終盤に失速した原因は?

 30km過ぎまでは日本記録を上回る超高速レースを見せた吉田響だが、終盤は力尽きた。元マラソン日本記録保持者である日本陸連の高岡寿成マラソン担当シニアディレクターは吉田の走りをこう分析した。

「吉田選手がペースメーカーの前を走るシーンを眺めていて、このまま行けるんじゃないのか、という期待を抱きました。ただ、終盤にペースを落とすことになったのは、これからマラソンで成功していくために必要な経験になるでしょう。初マラソンということで、どのようなペース配分で42.195kmを走り切るのか。その感覚の読み違いがあったのかなと感じています」

 それでは終盤に大きく失速した原因はどこにあったのか。

 まずはフィニッシュ時に気温が20度近くまで上昇した「暑さ」が挙げられる。
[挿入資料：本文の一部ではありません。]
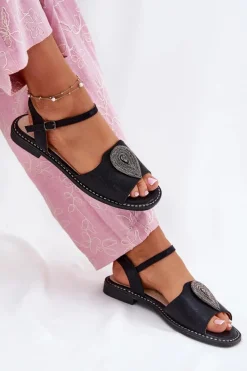 Sandały Płaskie><noscript><img width=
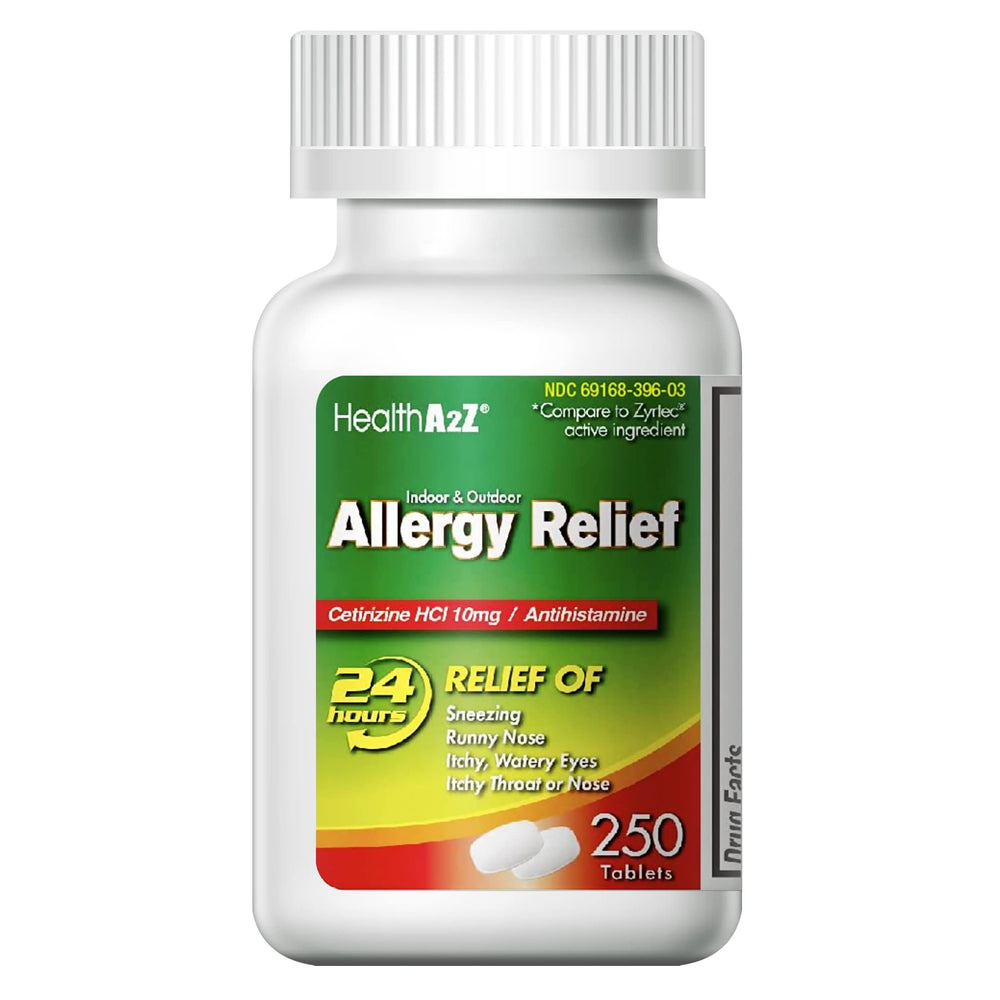 HealthA2Z Allergy Relief cetirizine 10mg tablet close-up for indoor and outdoor relief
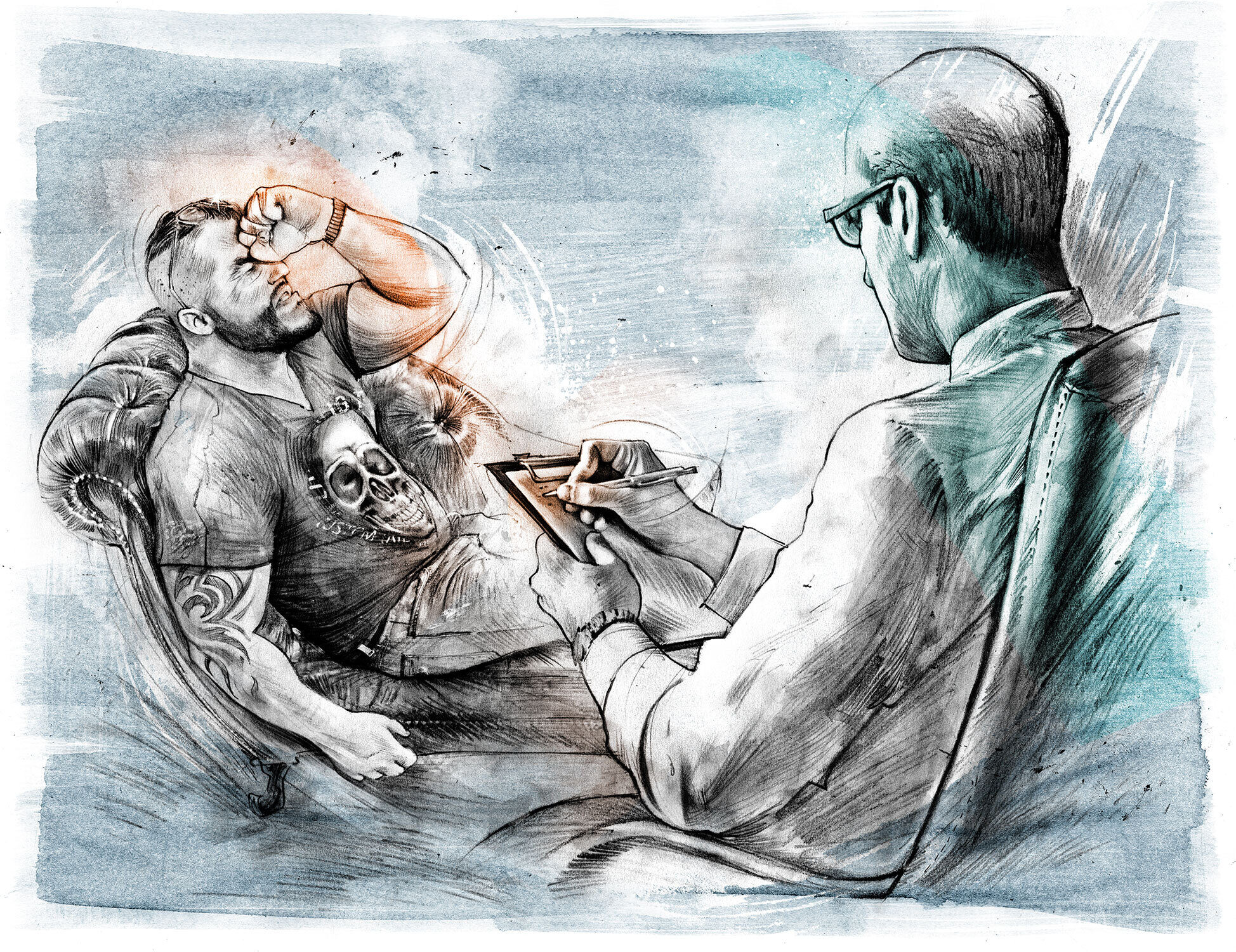 Man macho toxic therapy - Kornel Illustration | Kornel Stadler portfolio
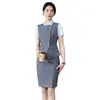 Traje Profesional de Salón de Belleza de Verano, Elegante Traje Chaleco, Ropa de Trabajo para Catering de Hotel, Uniforme de Trabajo para Mujer para Joyería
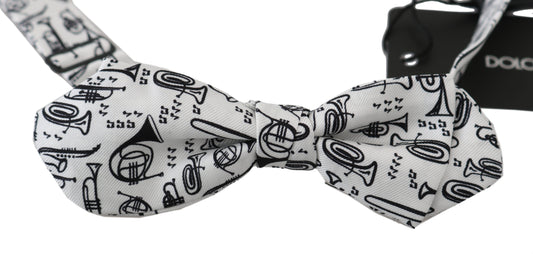 Dolce & Gabbana White Instruments Adjustable Neck Papillon Men Bow Tie Dolce & Gabbana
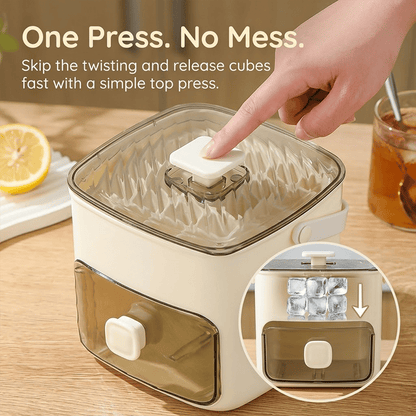 🧊The "Easy-Pop" 2-in-1 Smart Ice System: One-Touch Quick-Release Tray & Sealed Storage Bin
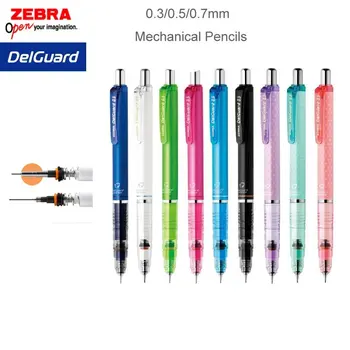 ZEBRA DelGuard Mechanikus Ceruza Japán Írószer Gyerekeknek 0.3/0.5/0.7 mm-es Törhetetlen Automata Pen-Vissza tanszerek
吉田は暑さを苦にしないタイプだが、前半でスペシャルドリンクを3度も取り損ねたのが痛かった。水分はゼネラルテーブルで摂取できるが、スペシャルドリンクには糖質などのエネルギー源が含まれているからだ。フィジカル面だけでなく、メンタル面でのダメージもあっただろう。

 それからペースメーカーの前に出るのが早すぎた。走るスピードが速くなるにつれ風(空気)の抵抗は高まっていく。そのため一人で走るより、集団のなかで走った方がエネルギー効率は良くなるからだ。もし30kmまで集団のなかでレースを進めていれば、終盤はぶっち切っていたかもしれない。また沿道の声援にジャスチャーで応えるなど余計な動きも気になった。

 小さな原因が積み重なって、終盤の大きなエネルギーロスになったと考えられる。

 救護室に直行した吉田に代わり、サンベルクスの田中正直総監督が取材に対応した。

「30kmまではペースメーカーについていく予定」だったが、「行けるんだったら行ってもいいよ」(瀧川大地コーチ)の指示もあり、リズムがうまく合わなかったために、「前半から独走したかたちかと思います」と話した。田中総監督は独走したレース展開に驚きながらも、ある程度は予想をしていた部分があったようだ。

 一方、「前半でスペシャルドリンクを取ることができていなかったのが心配でした」と不安が的中。「結果的にエネルギーが足りなくなり、この暑さでかなりの脱水症状になってしまった」と反省点を口にした。

 それでも、「初マラソンで脱水症状になりながら、2時間10分を切ったのはいいところ。次回はしっかり修正したなかでいい記録を出していきたい」と今回の失敗を生かしていきたい考えを示した。